Sorry, my mistake; but another poster *does* have a wooden one (and this does have a surprisingly low expansion coefficient)

Reply to
newshound

That's a pretty light-weight link. If the OP claims to observe the opposite effect, I am inclined to believe them.

Reply to
newshound

His name wasn't Pinokio was it ;-)

Reply to
whisky-dave

I was going to flippantly say the pendulum was made of Zirconium tungstate a material with a negative thermal coefficient, but this picture gives me another idea.

The picture clearly shows that the pendulum has rubbed against the wooden case, this would slow it down. Perhaps the clock was adjusted to take this rubbing into account when cool but at higher temperatures the rubbing stops or is lessened by movement of the pendulum due to thermal expansion?

Reply to
Jim Ericsson

I think the arc-shaped scratch on the back wall of the clock, roughly level with the nut at the bottom of the pendulum, is from times when the pendulum has not been set in motion truly parallel to the back wall and has scraped until it has started to swing true. I've not seen any evidence of it happening all the time, only as an initial start condition.

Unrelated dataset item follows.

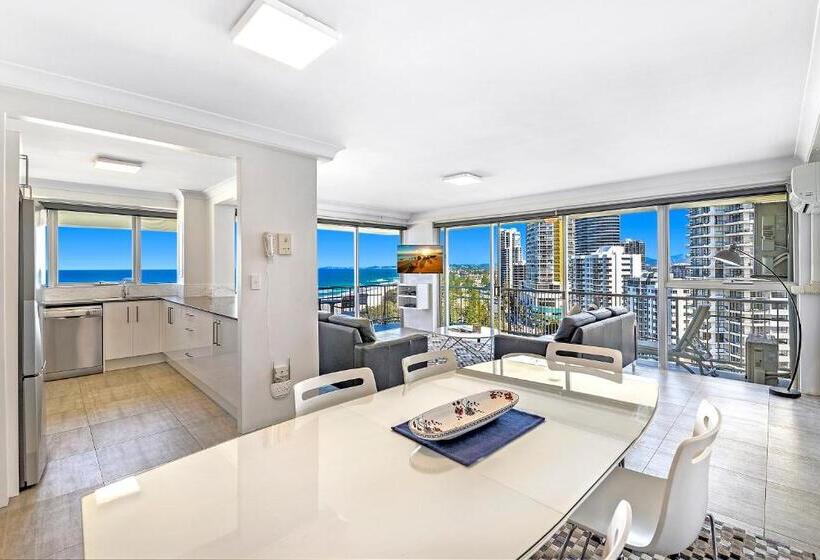 آپارتمان سوپریور 1 خوابه با چشمانداز دریا, Talisman Apartments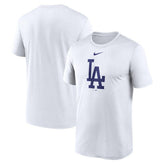 White Los Angeles Dodgers Nike New Legend Dri-FIT T-Shirt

Oh, by the way, I solved the problem with the camera delaying taking flash photos. I'd somehow set the flash to red-eye, where it flashes a dim light on the camera a few times to contract the subject's pupils before firing the main flash and taking the photo. Without my reading glasses on, the symbol in the display looked like rear-curtain flash rather the one for red-eye. Too much technology...

Reply to
NY

You guessed that the bob might be adjusted by a nut on a screwed rod, but I can't see any trace of a thread on the rod. Also you said you don't want to turn the bob, so how can you see the back and say that it's fixed at its bottom?

It looks as if the whole pendulun might be removed by unhooking at its top for examination.

How much does it gain in hot weather compared to cold?